In undertaking this exercise, I gained better understanding of how scenario modelling and stress tests can impact on the results of a capital modelling exercise. In particular I gained an understanding of the correlation between the different factors affected by each event, for example how a market crash can impact bonus rates as well as lapse and new business rates.

My supervisor took professional responsibility for this task. But after undertaking this exercise I have built on previous experience and now feel comfortable in performing this task with less supervision in the future.

4) Date the activity was undertaken

You need to add a date to your PPD activity stating when you undertook that activity. If you completed the task or project over a period of time, pick an appropriate date with that time range. Remember: You cannot back-date your PPD once your annual deadline has passed.

5) Have you discussed your PPD logs with your supervisor?

It is important that you discuss your development with your supervisor or line manager. Whilst the IFoA does not require documented evidence of that discussion, there is a Tickbox you must complete to demonstrate that this has taken place. If your log is selected for audit, then the IFoA will contact your supervisor for confirmation.

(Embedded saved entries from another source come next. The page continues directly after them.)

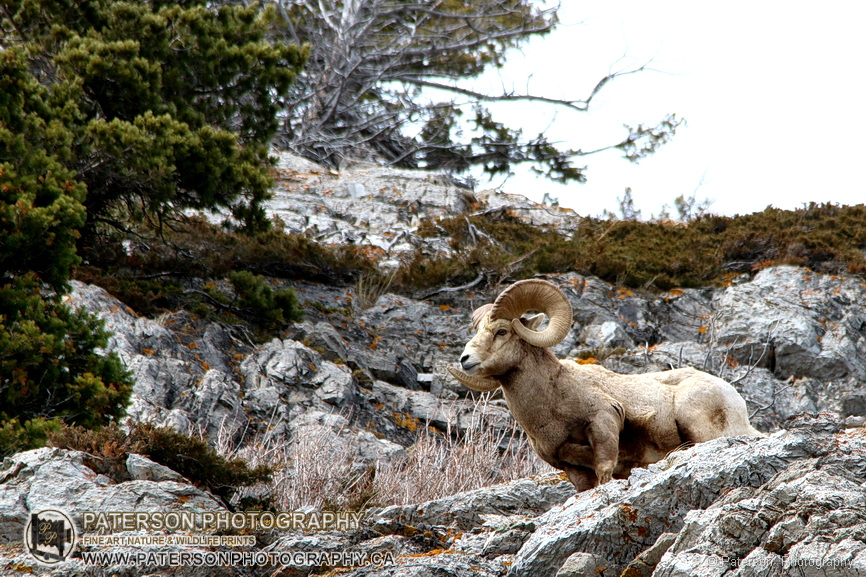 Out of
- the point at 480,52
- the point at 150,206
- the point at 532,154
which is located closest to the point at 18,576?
the point at 150,206

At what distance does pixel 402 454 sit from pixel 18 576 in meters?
5.39

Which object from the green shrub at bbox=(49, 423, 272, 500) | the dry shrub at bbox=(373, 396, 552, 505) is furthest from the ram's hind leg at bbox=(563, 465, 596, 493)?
the green shrub at bbox=(49, 423, 272, 500)

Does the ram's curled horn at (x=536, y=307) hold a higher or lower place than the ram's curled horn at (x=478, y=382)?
higher

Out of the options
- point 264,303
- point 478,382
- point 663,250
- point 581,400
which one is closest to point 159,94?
point 264,303

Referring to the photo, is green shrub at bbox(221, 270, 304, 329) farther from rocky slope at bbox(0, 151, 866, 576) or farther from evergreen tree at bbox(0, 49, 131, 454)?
evergreen tree at bbox(0, 49, 131, 454)

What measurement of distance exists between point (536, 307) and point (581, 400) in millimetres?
718

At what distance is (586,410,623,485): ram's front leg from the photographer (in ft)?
17.4

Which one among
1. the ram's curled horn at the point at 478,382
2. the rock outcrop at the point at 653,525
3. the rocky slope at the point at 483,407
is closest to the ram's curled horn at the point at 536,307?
the ram's curled horn at the point at 478,382

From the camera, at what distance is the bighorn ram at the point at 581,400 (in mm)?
5480

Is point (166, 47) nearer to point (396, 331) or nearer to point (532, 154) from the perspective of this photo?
point (396, 331)

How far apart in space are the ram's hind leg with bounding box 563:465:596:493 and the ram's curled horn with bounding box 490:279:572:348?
0.82 m

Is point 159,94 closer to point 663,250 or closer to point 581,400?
point 663,250

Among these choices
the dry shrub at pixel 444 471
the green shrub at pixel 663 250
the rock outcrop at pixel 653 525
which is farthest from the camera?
the green shrub at pixel 663 250

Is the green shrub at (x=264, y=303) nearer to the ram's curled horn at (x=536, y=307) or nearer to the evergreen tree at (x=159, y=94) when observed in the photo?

You can still submit the log if you have not yet discussed it with your supervisor, provided you complete the Tickbox at a later date once you have had that discussion. However, once your PPD year comes to an end, any logs where the Tickbox remains empty will be invalid and will not count towards your PPD.

6) Formal Learning

You must complete at least two hours of formal learning activities each year. These activities should be relevant to your work or role and address a development need.

Some examples of activities which may or may not be acceptable are shown below. Please note that these lists are not exhaustive and are guidelines only.

Examples of what might be acceptable may include:

  • Digital online learning of a technical topic relevant to your work
  • Soft skills training such as time management or professional skills
  • Specific IT training on software directly relevant to your role
  • Attendance at an event, such as one run by the IFoA
  • Attendance at an event run by your own organisation

Examples of what might not be acceptable include:

  • Internal training on facilities matters such as fire safety
  • Generic IT training such as operating telephones
  • General reading of articles, magazines etc.
  • Informal discussions with colleagues

It is your responsibility to ensure that the activity you record fulfils the criteria and provide sufficient evidence in your record. Please note that any activities you have recorded as part of your CPD log cannot count towards your formal learning hours.